第伍話:バンドネオン音響比較の巻
押忍、外道マルヤマです。
今回はバンドネオンの音色の比較になります。
何を比較するかと言いますと、
Alfred Arnold社製バンドネオンとKlaus Gutjahr社製バンドネオンの周波数特性です。
同じバンドネオンという楽器ではありますが、これらは全く別物です。
第参話で触れたとおり、Klaus Gutjahr社製バンドネオンは「既存のバンドネオンとは全くコンセプトが異なる」のです。
Horner社時代に製作されたものから改善に改善が重ねられており、良い意味で異質な仕上がりになっています。筆者はそこが非常に気に入りました。
とはいえ、そもそも90歳の楽器と2歳の楽器を比較する時点で条件がめちゃくちゃです。
むしろビンテージの楽器同士で音色の個体差を比較したほうが意義があるかもしれません。
目的
見た目も全く別物、実際に耳で音色を聴いても違いは明らかとわかっているものをなぜ比較する必要があるのか。
ズバリ、筆者がそれが気になって眠れなかったからです。
そんな動機で良いのです。
原理及び試験方法
難しい数式などは一切書きませんのでご安心ください。
必要以上の説明は省きます。ごちゃごちゃしないよう必要な説明もだいぶ省きますがね。
ライニッシュ式配列のバンドネオンの右手側のA(ラ)の周波数は 442[Hz](単位:ヘルツ)に設定される方がほとんどだと思います。
Alfred Arnoldユーザーの方はサウンドボードの裏にあるリードの位置を確認してみてください。表のボタンを操作した時に弁が開く箇所の裏です。
さあ、どこにありますかな?
正解は 3列のうち中央のプレート、左から5番目です。画像ではサブタ皮で見えませんが赤枠で示します。(開き弾きのA=442[Hz]のリード)
ご存知とは思いますが、これは 2枚のリード(Lリード、Hリード)の同時発音です。
この2枚リードの振動がユニゾンする仕様になっております。Hリードは1オクターブ上の 884[Hz]が基本波になります。
今回、2種類のバンドネオンの音色をサンプリングしました。ここでいうサンプリングとは録音です。
録音に使用した2台のバンドネオンは以下になります。
AA:Alfred Arnold社製バンドネオン(第一期 1930年頃製造)
ライニッシュ式配列です、外装色:黒、総螺鈿
O(オー)氏の所有する楽器とでも言っておきましょう。
製造から約 90年経過しており、開き弾き、閉じ弾き共にかなり弾きこまれております。

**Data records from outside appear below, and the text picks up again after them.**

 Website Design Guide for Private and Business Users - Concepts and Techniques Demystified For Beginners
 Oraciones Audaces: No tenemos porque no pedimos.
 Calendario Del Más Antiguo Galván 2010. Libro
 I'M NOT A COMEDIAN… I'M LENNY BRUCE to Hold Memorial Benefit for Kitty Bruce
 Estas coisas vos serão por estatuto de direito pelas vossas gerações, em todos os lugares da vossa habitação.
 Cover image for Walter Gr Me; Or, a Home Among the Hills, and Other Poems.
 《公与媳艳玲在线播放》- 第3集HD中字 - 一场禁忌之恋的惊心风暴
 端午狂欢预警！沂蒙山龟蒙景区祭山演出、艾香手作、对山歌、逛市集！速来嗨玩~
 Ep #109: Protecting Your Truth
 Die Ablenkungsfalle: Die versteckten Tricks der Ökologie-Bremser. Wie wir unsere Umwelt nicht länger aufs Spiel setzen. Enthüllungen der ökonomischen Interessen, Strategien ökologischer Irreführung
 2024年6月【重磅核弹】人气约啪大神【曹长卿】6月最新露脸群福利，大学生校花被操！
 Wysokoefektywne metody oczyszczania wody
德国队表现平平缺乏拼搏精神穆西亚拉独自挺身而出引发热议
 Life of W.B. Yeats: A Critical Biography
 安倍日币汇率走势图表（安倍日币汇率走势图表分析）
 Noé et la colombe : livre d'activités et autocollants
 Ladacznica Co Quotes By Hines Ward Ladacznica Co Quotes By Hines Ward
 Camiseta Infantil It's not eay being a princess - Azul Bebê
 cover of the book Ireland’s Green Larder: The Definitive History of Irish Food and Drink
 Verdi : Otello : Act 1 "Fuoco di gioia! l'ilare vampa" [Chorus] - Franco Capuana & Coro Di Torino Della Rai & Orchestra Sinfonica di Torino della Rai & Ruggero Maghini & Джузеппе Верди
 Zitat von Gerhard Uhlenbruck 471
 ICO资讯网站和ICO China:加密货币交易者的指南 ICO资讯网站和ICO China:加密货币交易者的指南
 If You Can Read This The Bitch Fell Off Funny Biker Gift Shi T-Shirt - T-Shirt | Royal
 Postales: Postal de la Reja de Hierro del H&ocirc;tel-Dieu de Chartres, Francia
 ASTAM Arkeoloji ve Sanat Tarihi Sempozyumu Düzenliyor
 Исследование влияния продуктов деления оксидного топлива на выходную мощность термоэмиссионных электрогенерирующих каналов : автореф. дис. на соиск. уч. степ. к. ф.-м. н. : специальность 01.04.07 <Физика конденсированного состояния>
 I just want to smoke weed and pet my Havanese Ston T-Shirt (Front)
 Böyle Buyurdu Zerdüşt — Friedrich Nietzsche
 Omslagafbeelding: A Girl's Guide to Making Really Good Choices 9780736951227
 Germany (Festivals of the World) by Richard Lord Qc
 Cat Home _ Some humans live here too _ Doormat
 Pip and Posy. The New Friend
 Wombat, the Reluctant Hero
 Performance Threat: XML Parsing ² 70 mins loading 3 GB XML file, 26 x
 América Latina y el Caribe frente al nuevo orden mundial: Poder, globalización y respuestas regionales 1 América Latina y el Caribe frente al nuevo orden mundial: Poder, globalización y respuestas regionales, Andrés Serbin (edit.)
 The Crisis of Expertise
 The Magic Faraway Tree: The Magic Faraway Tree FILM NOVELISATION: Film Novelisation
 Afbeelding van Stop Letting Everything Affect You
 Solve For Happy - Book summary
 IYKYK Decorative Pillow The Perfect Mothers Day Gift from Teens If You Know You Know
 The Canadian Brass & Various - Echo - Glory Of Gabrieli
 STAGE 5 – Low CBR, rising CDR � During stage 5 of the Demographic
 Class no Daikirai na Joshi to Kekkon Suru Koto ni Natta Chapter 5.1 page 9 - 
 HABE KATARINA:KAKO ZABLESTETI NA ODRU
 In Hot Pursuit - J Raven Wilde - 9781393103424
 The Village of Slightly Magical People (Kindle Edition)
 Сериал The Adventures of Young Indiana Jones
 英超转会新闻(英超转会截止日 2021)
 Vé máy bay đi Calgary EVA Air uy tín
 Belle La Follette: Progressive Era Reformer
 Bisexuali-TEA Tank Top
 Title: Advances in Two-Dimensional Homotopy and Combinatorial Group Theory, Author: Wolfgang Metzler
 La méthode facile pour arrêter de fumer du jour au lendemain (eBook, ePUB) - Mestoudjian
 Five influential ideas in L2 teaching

GB:Klaus Gutjahr社のバンドネオン(製造年 2017年)
ライニッシュ式配列 + 追加ボタン2個
外装色:マホガニー
左手最低音に「開きの ド#」、「閉じの シ」、右手最低音に「開き&閉じの ソ#」
を追加した外道マルヤマ仕様の楽器です。
製造から2年が経過しようとしていますが、既に音色は変化してきています。
筆者はバンドネオンに蛇(ヘビ)のイメージを持っており「Viper – I (ヴァイパー1号機)」などと勝手に命名しております。2号機はまだ存在しませんがいずれ姿を現すことでしょう。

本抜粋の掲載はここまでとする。